The first event happened when I met him for the first time. That encounter was at the Senior Event in Tampa where he played each year, especially in the early days of the Senior Tour, when it was really a series of exhibitions. I ran the scoring tent for the North Florida Section and one day Mr. Palmer noticed me sneaking Chi-Chi out of the back of the tent. He asked me where that back door would take him and I told him to the back of the locker room. Mr. Palmer said he was tight on time so I slipped him out. The next day he thanked me and told me he owed me one.
The following day my Dad was at the event. I asked Mr. Palmer to sign his card and I also asked if he would say ‘Hello.’ He got up, and asked me to point out my Dad. He was three people back from the rope. Mr. Palmer walked out, called him by name, shook his hand, pulled him through the ropes and talked about life in and around the coal mines of Pennsylvania and West Virginia. If I hadn’t been a fan before then, he definitely got my Dad and I for life that day.
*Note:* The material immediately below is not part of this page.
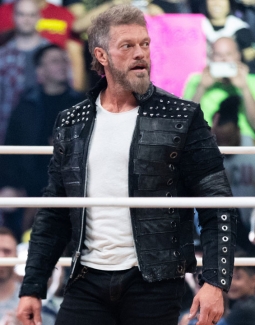 Edge remercie la WWE et répond aux fans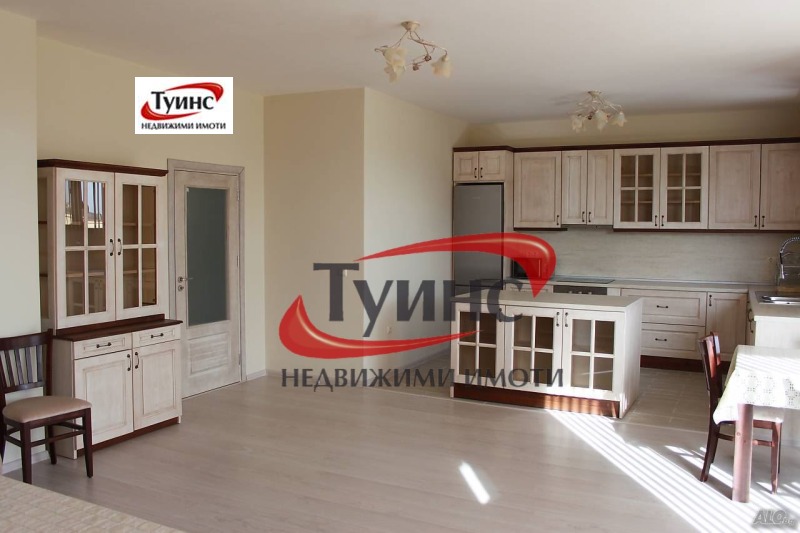 De inchiriat  Casa regiunea Plovdiv , Voivodinovo , 160 mp | 53520400 - imagine [4]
The second event that stands out to me was when Bruno, the original head of the Senior Tour, retired. There was a huge dinner in his honor held during the Mutual of Omaha Legends Event in St. Augustine. Several people came to the podium to speak in including the Commissioner, Jack Nicklaus and others. But when Arnold Palmer was invited to speak, he rose to go to the dais and every player and guest in the room stood. I realized at that moment how much Arnold Palmer had meant to all of us that love the game of golf and that his peers also shared that love. That is the reason he is called “The King.”
As time passed in my career and I continued to move through the chairs in the PGA on my way to being the President, I had the opportunity to spend time with Arnold Palmer and Ed Seay, and I also had the privilege of playing golf with Mr. Palmer on several occasions. In addition, his firm designed several courses for Hampton Golf which gave us other social and professional opportunities. Over the years, whenever I asked him to play in the Monique Burr Tournament, for an autograph for a friend or a charity, for a hand written note or to spend time with someone, he never said no.
There has never been another like him and I don’t believe there will ever be one who can touch the world like Mr. Palmer did. He has influenced and inspired so many of us in the business of golf and all of us who love the game. He always will be “The King.”